25 mai 2011, à Tbilissi, capitale de la Géorgie : une manifestation pacifique est réprimée avec violence. Des événements qui symbolisent le désenchantement d’une population qui regrette le décalage entre les espoirs éveillés par la révolution de 2003 et les progrès effectivement réalisés depuis.
Le 9 avril 1991, la Géorgie proclamait son indépendance. Deux décennies plus tard, et malgré les espoirs éveillés par la Révolution des roses de 2003, nombreux sont les Géorgiens qui se disent désabusés. La Géorgie n’est pas un cas unique : les pays de l’espace post-soviétique partagent assez largement les difficultés de ce que l’on a coutume d’appeler la « transition démocratique ». En réalité, le passage vers l’économie de marché ne garantit aucunement aux citoyens un accès égalitaire aux richesses créées. L’exemple de la Géorgie en est une nouvelle preuve.
Au lendemain de l’indépendance du pays, l’une des urgences consistait à assurer le passage de l’économie planifiée à l’économie de marché, alors que l’Etat social avait cessé de fonctionner et que l’inflation faisait des ravages. Les populations géorgiennes avaient ainsi placé beaucoup d’espoirs dans la Révolution des roses conduite par Mikheïl Saakachvili. Et certaines réalisations sont effectivement remarquables, au premier rang desquelles le rétablissement de la sécurité au quotidien, la suppression de la petite corruption et les performances économiques, avec une croissance autour de 10 % par an pendant quelques années.
Reste que le désenchantement de la population géorgienne est prégnant. La recherche coûte que coûte de la croissance et de la compétitivité économique est une constante de l’équipe au pouvoir à Tbilissi, capitale du pays. Or cet ultralibéralisme affiché, bien que suivi de résultats réels au niveau macro-économique, s’accompagne en réalité d’importantes lacunes en matière de politique économique proprement dite. Celle-ci est dépourvue de cadre prospectif, de politique de l’emploi et consiste en une suite de mesures ad hoc sans vision d’ensemble cohérente. Un ultralibéralisme également lourd de conséquences au niveau social, d’autant que cette nouvelle ligne économique constitue une rupture profonde et durement ressentie par les populations géorgiennes par rapport à l’Etat social de l’époque soviétique. Les fruits de la croissance n’ont pas donné lieu à la répartition tant souhaitée par les Géorgiens et le dénuement matériel des populations est à l’origine de manifestations récurrentes.

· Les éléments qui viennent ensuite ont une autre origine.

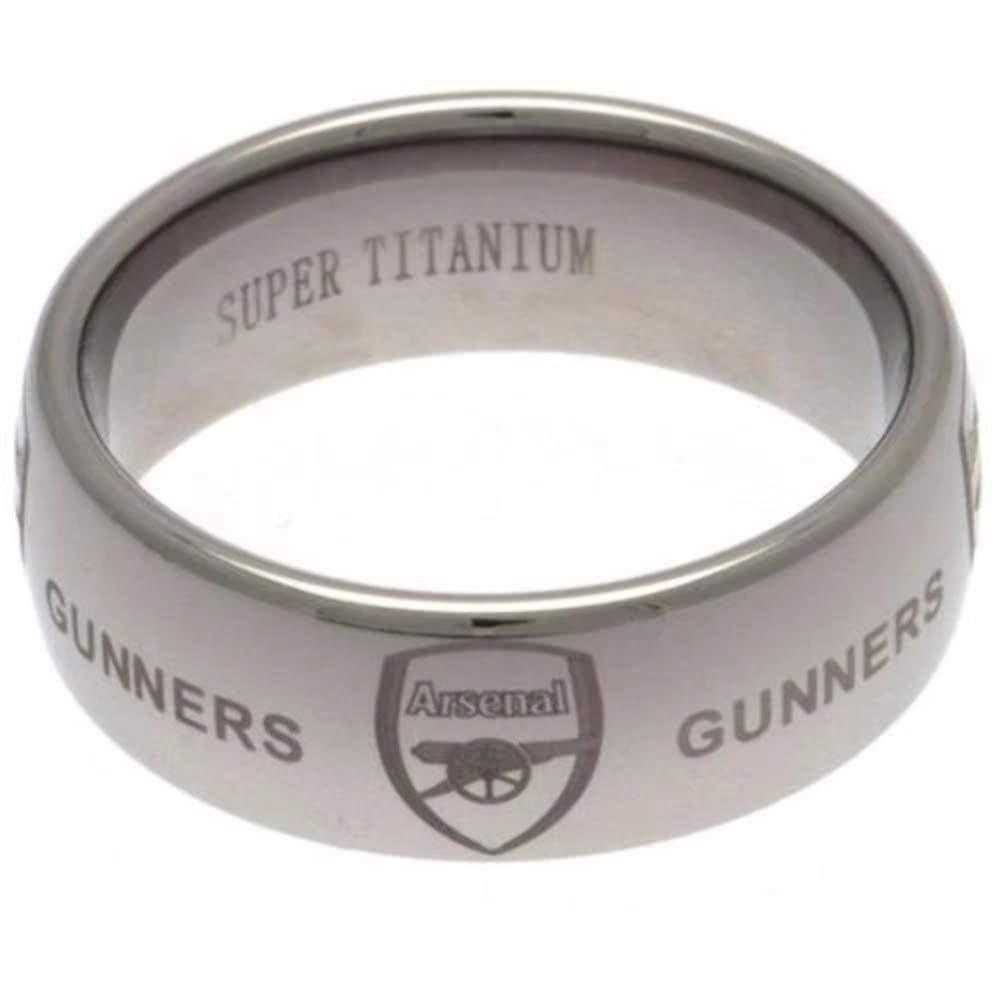 Arsenal F.C. Super Titan Ring klein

Le désenchantement se fait sentir également au niveau démocratique : le déficit de démocratie est nettement perceptible, à travers les entorses faites au respect des droits individuels, la grande opacité qui entoure la propriété des médias, l’absence de dialogue social, le caractère particulièrement sommaire de la législation du travail ou encore le nombre record de prisonniers dans le pays.

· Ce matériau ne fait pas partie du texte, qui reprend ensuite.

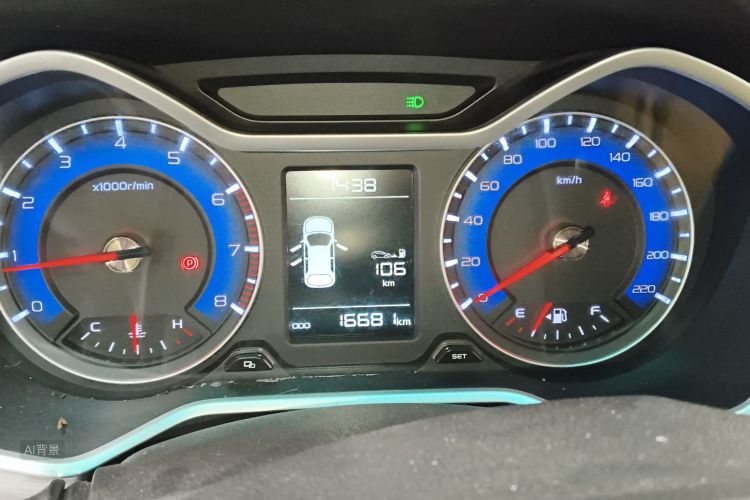 Vision X3 2018 #13 Vision X3 2018 immagine di auto #13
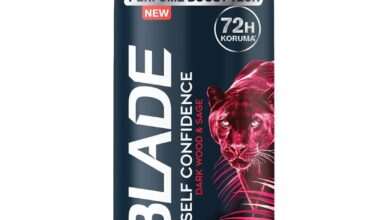 Blade Self Confidence Deodorant 150ml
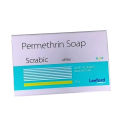 Permethrin Soap Scrabic Anti-scabies Medicated Soap 75gm. 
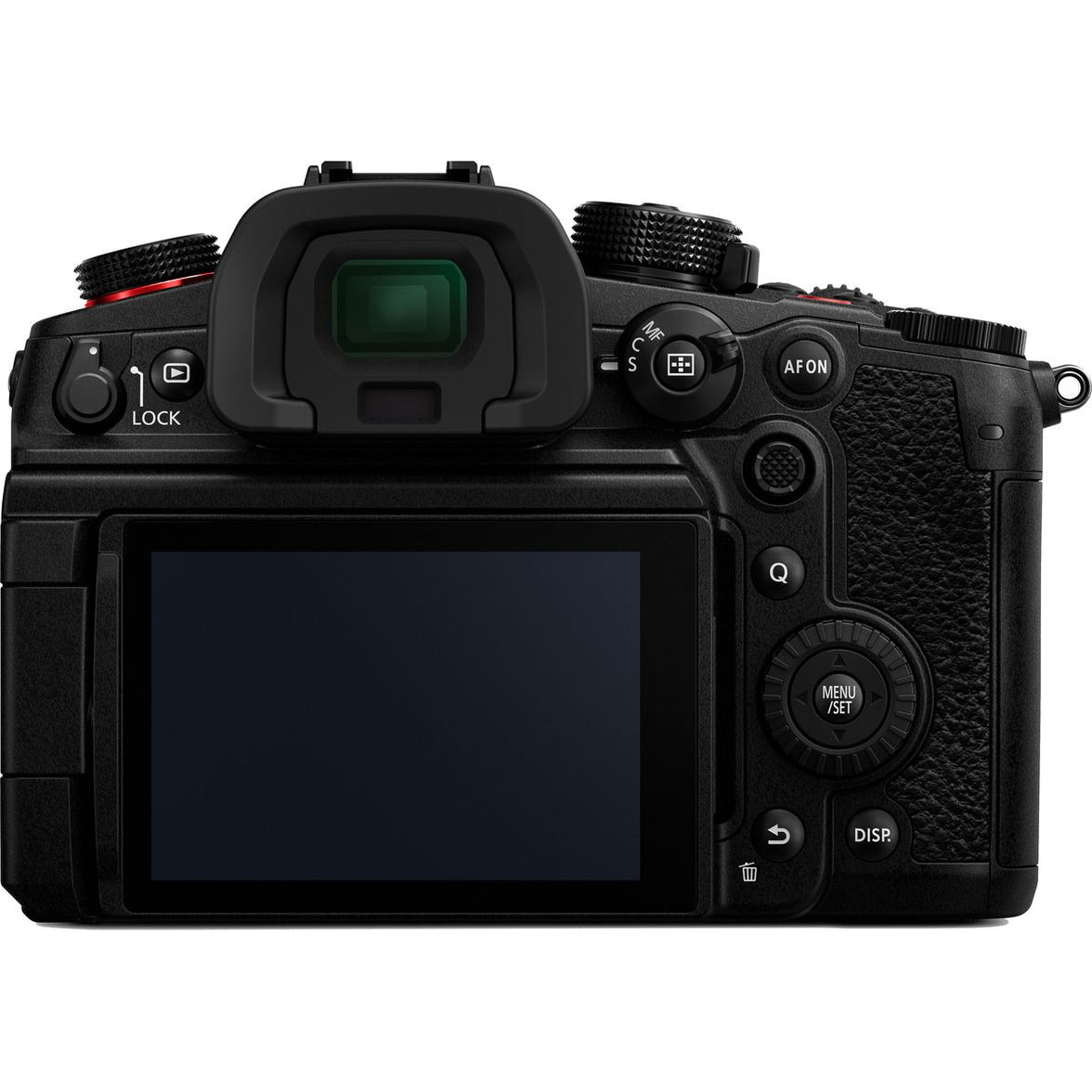 Panasonic LUMIX DC-GH6 + 12-60mm f/2.8-4.0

Le bilan de l’expérience géorgienne depuis la Révolution des roses paraît très mitigé. Certes il y eut modernisation spectaculaire de l’appareil d’Etat et essor économique incontestable. Mais ce ne fut pas une révolution démocratique : ce fut une révolution néo-libérale. Preuve, si besoin en était, que la rupture avec un régime autoritaire quel qu’il soit ne conduit pas automatiquement vers la démocratie et que la démocratisation doit être considérée comme un processus (d’ailleurs non linéaire) et non comme un état acquis une fois pour toutes.